**DATASET EXTRACT:**
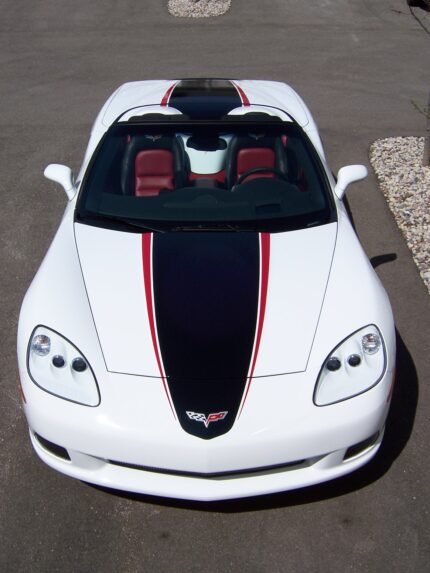 Arctic white C6 Corvette convertible with black and red ME stripes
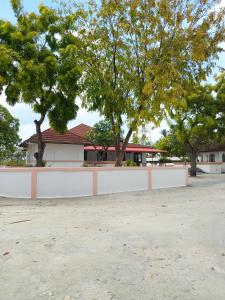una cerca blanca frente a una casa con árboles en Turtle Inn Dharavandhoo, en Dharavandhoo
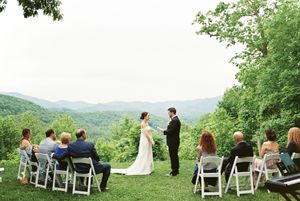 A mountaintop wedding ceremony setup in a lush green setting with white chairs and scenic mountain views in the background.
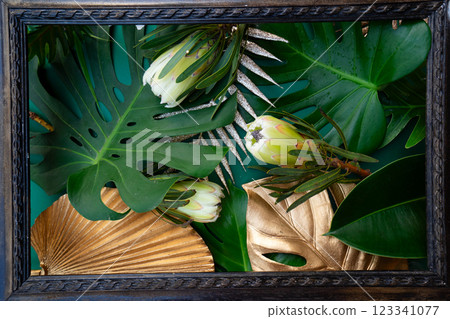 Tropical leaves and flowers over green background, summer background with copy space Tropical leaves and flowers over green background, summer background with copy space 123341077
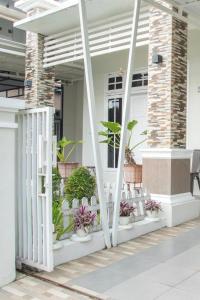 a porch with white chairs and plants on it at Huning House - 5 Bedrooms in Purwokerto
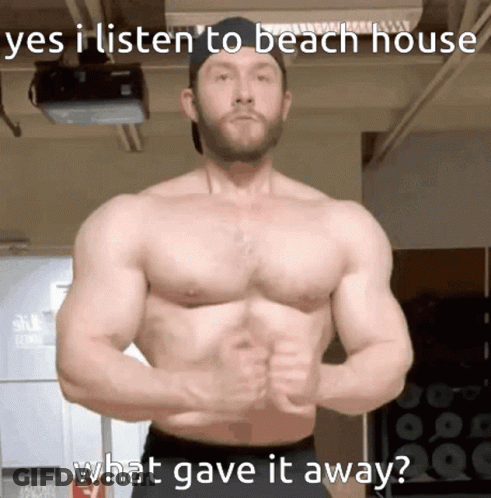 A Shirtless Man Stands In Front Of A Projector With The Caption " Yes I Listen To Beach House What Gave It Away " On The GIF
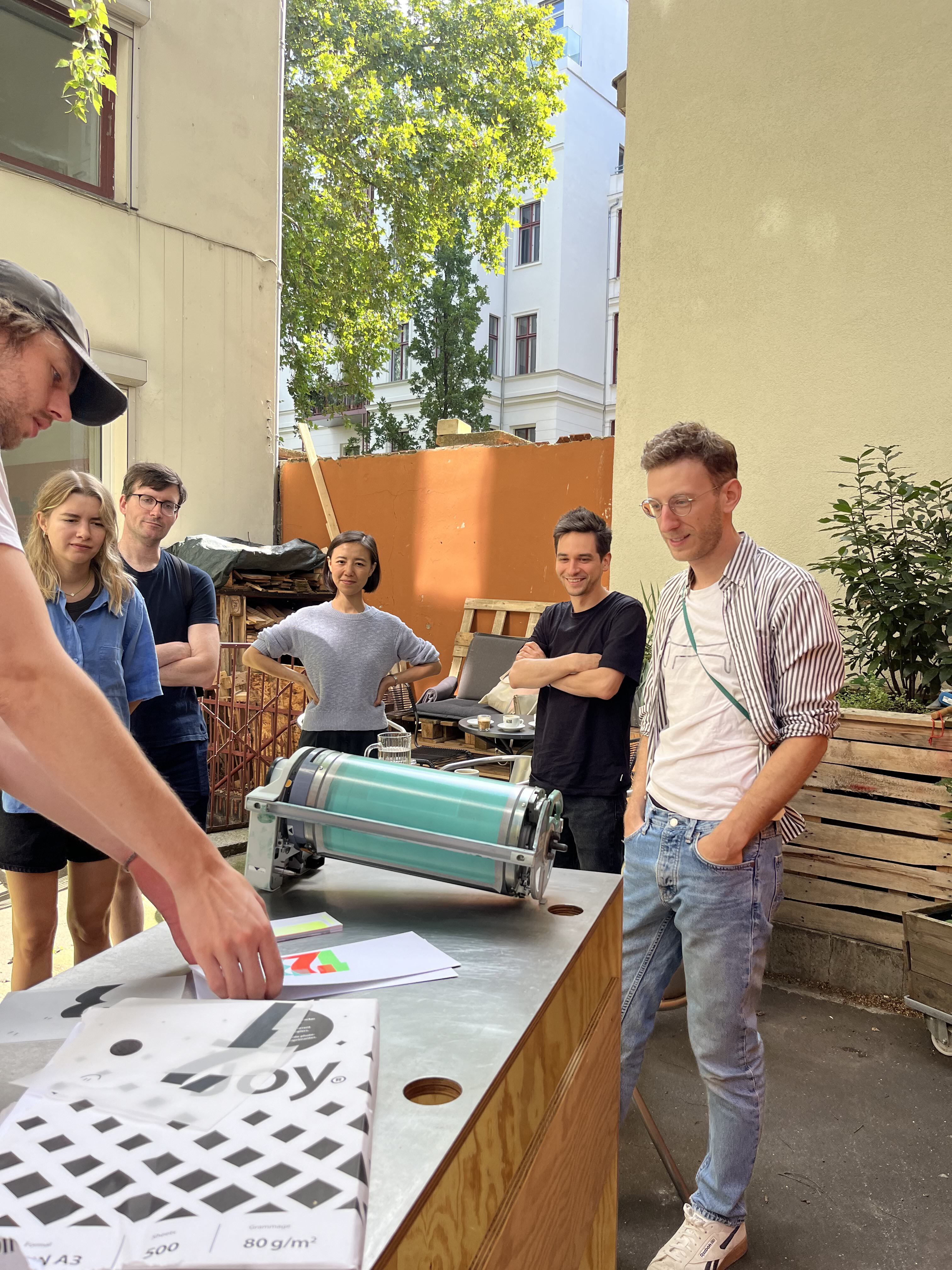 Photo of a group of people standing outside around a table, looking at some printed material and a paint roll for a riso printer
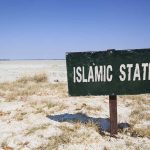 Dems Greenlight 400-Acre Islamic City Plans A weathered sign reading 'ISLAMIC STATE' in a barren landscape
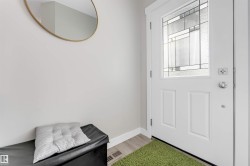 Entryway featuring a white door with decorative glass paneling, light wood-finish flooring, and white wall trim - 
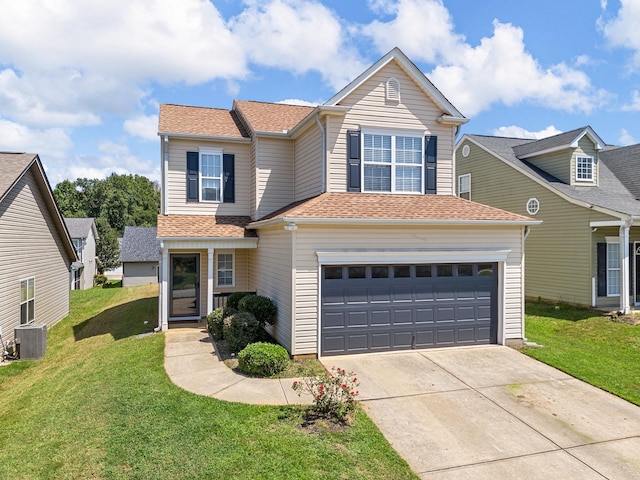 view of front property with a garage, a front yard, and cooling unit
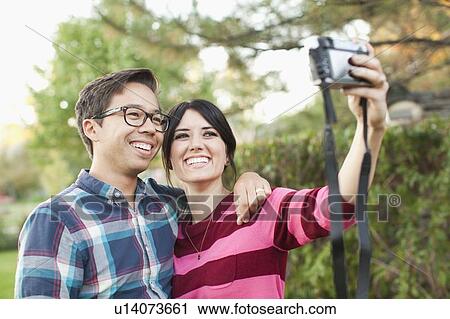 Stock Image - Couple taking self-portrait picture. Fotosearch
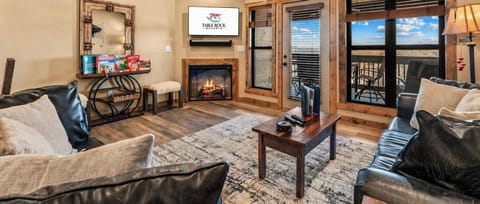 Spacious Living Area with Deck Access, Cable TV, Seasonal Fireplace, and Games.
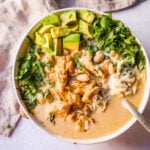 The Best White Chicken Chili Recipe made with shredded chicken, jalapeno, onion, spices, in a creamy chicken broth with salsa verde, cream cheese, white beans, shredded cheese, and fresh cilantro. The perfect creamy white chicken chili recipe!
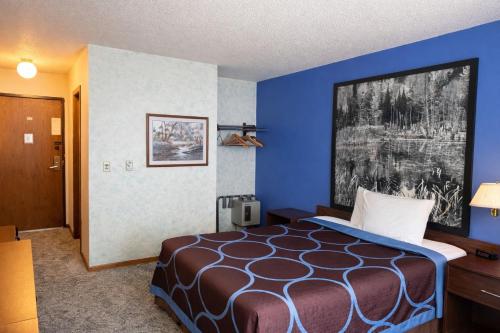 a bedroom with a bed in a room with blue walls at Iron Mountain Inn & Suites MI US 2 in Iron Mountain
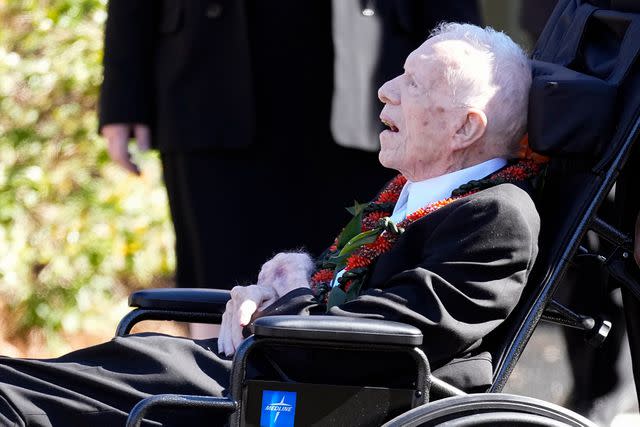 <p>John Bazemore/AP Photo</p> Jimmy Carter in a red lei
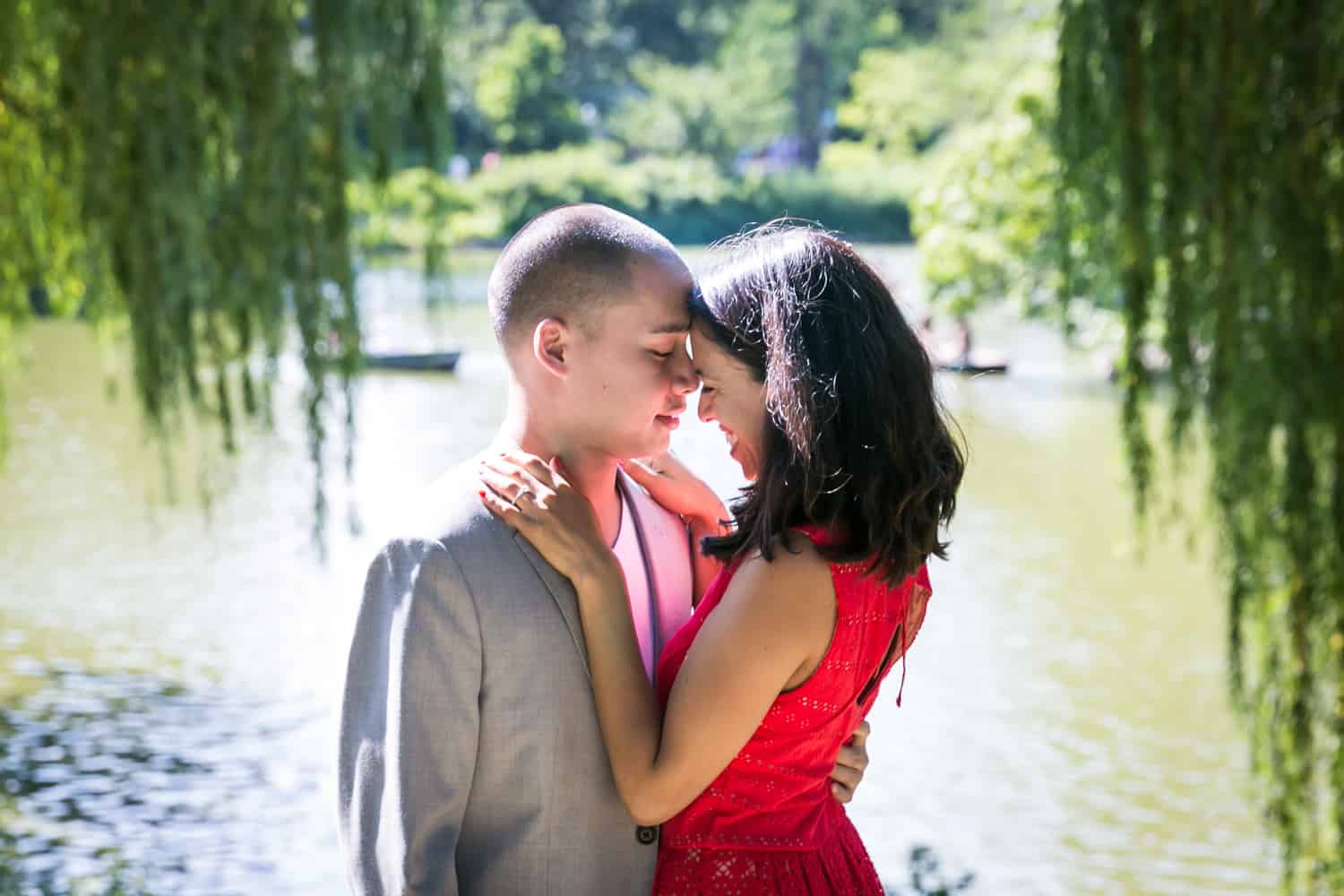 Couple hugging beside Central Park lake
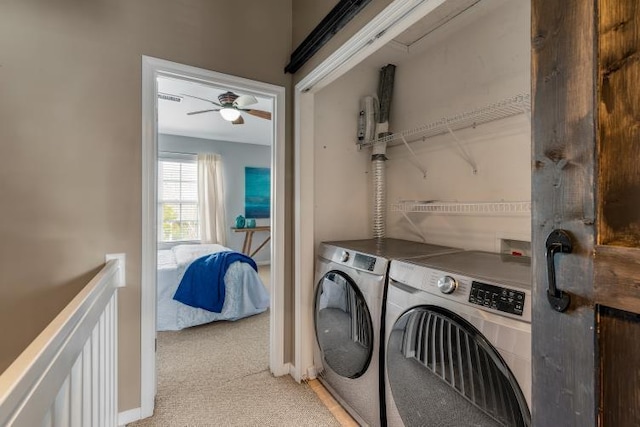 laundry room with laundry area, baseboards, a ceiling fan, and washer and dryer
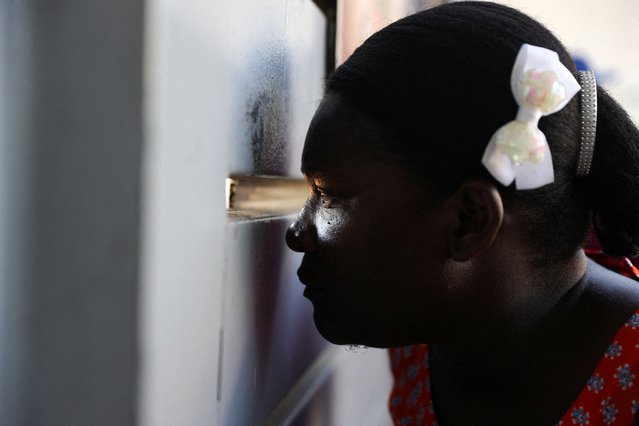 A Haitian woman peeks through an opening of a gate of a migration clearance centre where her husband had been taken, after the Dominican Republic said it would deport up to 10,000 migrants per week who were in the country illegally, in Santo Domingo, Dominican Republic on October 9, 2024. (Photo by Erika Santelices/Reuters)
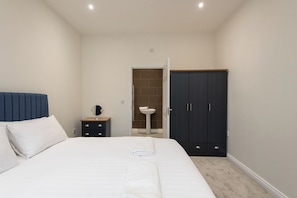 Un dormitorio con una cama, una mesita de noche con espejo, un armario y un baño con lavamanos.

**ASSIGNED TASK:** From the records above, output only the lines starting at the one containing "A mountaintop wedding" and ending at the one containing "Stock Image - Couple", word for word. Pictures stay out.

**WRITTEN RESPONSE:**
 A mountaintop wedding ceremony setup in a lush green setting with white chairs and scenic mountain views in the background.
 Tropical leaves and flowers over green background, summer background with copy space Tropical leaves and flowers over green background, summer background with copy space 123341077
 a porch with white chairs and plants on it at Huning House - 5 Bedrooms in Purwokerto
 A Shirtless Man Stands In Front Of A Projector With The Caption " Yes I Listen To Beach House What Gave It Away " On The GIF
 Photo of a group of people standing outside around a table, looking at some printed material and a paint roll for a riso printer
 Dems Greenlight 400-Acre Islamic City Plans A weathered sign reading 'ISLAMIC STATE' in a barren landscape
 Entryway featuring a white door with decorative glass paneling, light wood-finish flooring, and white wall trim - 
 view of front property with a garage, a front yard, and cooling unit
 Stock Image - Couple taking self-portrait picture. Fotosearch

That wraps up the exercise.